Perfect for any occasion, this moist and fluffy savory cake can be sliced and served as an appetizer, or as a meal itself with a side salad - arugula would be great.

Last week, I made this recipe for a party. It was served sliced, at room temperature, as an appetizer. As per usual, I made a very traditional Brazilian version, using typical ingredients from Brazil - simply because I love to display (and introduce) those flavors to my American friends. People really enjoyed!

I used carne-seca (traditional Brazilian Jerk beef) for the filling, but do not think that you must do the same. This is a very versatile cake, and the filling can be any of your choice. I think that Bolognese, shredded chicken with tomatoes, or a mix of sautéed vegetables would taste wonderful!

The cake method could not be any easier: all ingredients are blended together, then the mashed pumpkin is folded in. That’s it!

With traditional Brazilian filling, or with your choice of filling, I can guarantee that this delicious savory cake will satisfy your fall cravings! Take a look…

Savory Pumpkin Cake (Torta Salgada de Abóbora)

Serves 10

Ingredients:

  • 4 eggs
  • 3 cups self-rising flour
  • 2 ¼ cups milk
  • ¼ grated parmesan cheese
  • ¾ cups vegetable oil
  • ½ teaspoon salt
  • 2 ½ cups mashed pumpkin (preferably from scratch) *See Cook’s Notes 1
  • 2 tablespoons of sliced almonds, sesame seeds, or roasted pumpkin seeds for garnishing (optional)

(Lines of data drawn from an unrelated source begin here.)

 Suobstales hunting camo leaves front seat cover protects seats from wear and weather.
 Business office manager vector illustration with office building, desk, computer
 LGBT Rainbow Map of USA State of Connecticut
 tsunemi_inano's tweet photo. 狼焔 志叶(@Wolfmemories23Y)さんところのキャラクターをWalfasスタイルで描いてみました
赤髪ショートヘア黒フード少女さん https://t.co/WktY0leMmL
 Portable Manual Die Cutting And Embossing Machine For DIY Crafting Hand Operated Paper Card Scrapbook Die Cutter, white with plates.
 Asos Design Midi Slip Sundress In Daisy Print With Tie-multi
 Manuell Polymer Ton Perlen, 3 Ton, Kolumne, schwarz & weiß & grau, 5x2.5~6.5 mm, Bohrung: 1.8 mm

Filling Ingredients (Optional):

  • ½ cup olive oil
  • 2 medium onions chopped
  • 4 large garlic cloves minced
  • 1 small chili pepper, jalapeño, or any hot pepper of your choice finely chopped
  • 2 ½ cups (about 1 pound) of soaked, cooked, trimmed, shredded carne-seca (high quality beef jerky) *See Cook’s Notes 2
  • 2 ripe tomatoes chopped
  • 1 cup requeijão, or mascarpone *See Cook’s Notes 3
  • ¼ cup cilantro, finely sliced
  • ¼ cup scallions, finely sliced
  • Salt *See Cook’s Notes 4

Directions:

Step 1 – Make the filling of your choice. Here is the method for the filling that I used this time:

Set a large skillet over medium-high heat and add the olive oil. Once oil is hot, add onions and cook, stirring occasionally, until soft; 4 to 5 minutes. Add garlic and chili pepper and cook for another couple of minutes.

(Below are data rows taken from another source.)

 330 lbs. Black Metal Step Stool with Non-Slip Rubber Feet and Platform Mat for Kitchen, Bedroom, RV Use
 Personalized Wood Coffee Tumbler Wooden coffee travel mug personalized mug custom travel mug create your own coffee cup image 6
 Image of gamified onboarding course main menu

Add carne-seca (beef jerky) and stir to combine. Add tomatoes and cook until they are incorporated into sauce; 4 to 5 minutes. Remove from heat and fold in requeijão (or mascarpone), cilantro and scallions. Sample and add a bit of salt, if needed. Set aside.

Step 2 – Make the cake:

Preheat the oven to 350 degrees F.

Butter and lightly sprinkle with flour a rectangular baking pan measuring 9inx13in.

Add eggs, flour, milk, parmesan cheese, olive oil and salt to a blender. Blend until combined; about one minute.

Place mashed pumpkin in a large mixing bowl. Add the batter and gently fold with a spatula, until incorporated.

Tilt half of the batter into prepared baking pan. Add the filling of your choice, and gently mix with a spatula to lightly combine. Tilt over the remaining batter. Top with the garnish of your choice (optional).

Bake for 40 to 50 minutes, until top is golden brown.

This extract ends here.